A number of people have been trying to get more focus on the actual math concerning the future of Social Security which shows that, even untouched, the system will be okay well past 2050, and with a bit of tinkering could be solvent for the foreseeable future. Much of the focus on "reform" has mostly been to reframe the public perception so that the Republicans can achieve what they have longed to do for decades, eliminate Social Security.
Devin Drum at Political Animal has an excellent article on what we can expect in the coming weeks concerning the discussion over Social Security.

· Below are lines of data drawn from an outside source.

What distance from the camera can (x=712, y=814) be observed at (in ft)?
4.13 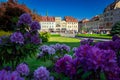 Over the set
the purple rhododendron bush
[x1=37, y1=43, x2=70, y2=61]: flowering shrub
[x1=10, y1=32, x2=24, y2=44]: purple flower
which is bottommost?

One of the things that's slowly becoming clear in the Social Security debate is that President Bush's advisors are probably not going to risk what's left of their professional reputations by pretending that private accounts can fix Social Security's future funding shortfall. Instead, they're going to propose benefit cuts in order to balance the books.What Kevin points out, which is also mentioned in the L.A. Times article, is the alternative plan of changing the benefits index from wage inflation to price inflation (Consumer Price Index, CPI). Currently, as wages increase, the paid-out-benefits also increase. Instead the new system would increase benefits as prices increase. Given that wages have risen at twice the rate that prices have in the past 50 years and that barring an economic collapse wages are likely to outpace prices, this change in the index equals a benefit cut. If this passes the Republicans can cut benefits while blaming it on economic effects, thus achieving deniability.
In the long-term, if this happens, people will see benefits decrease and thus it will seem that Republican cries of SS insolvency were true, thus laying the stage for a re-emergence of private accounts and the dissolution of the SS system.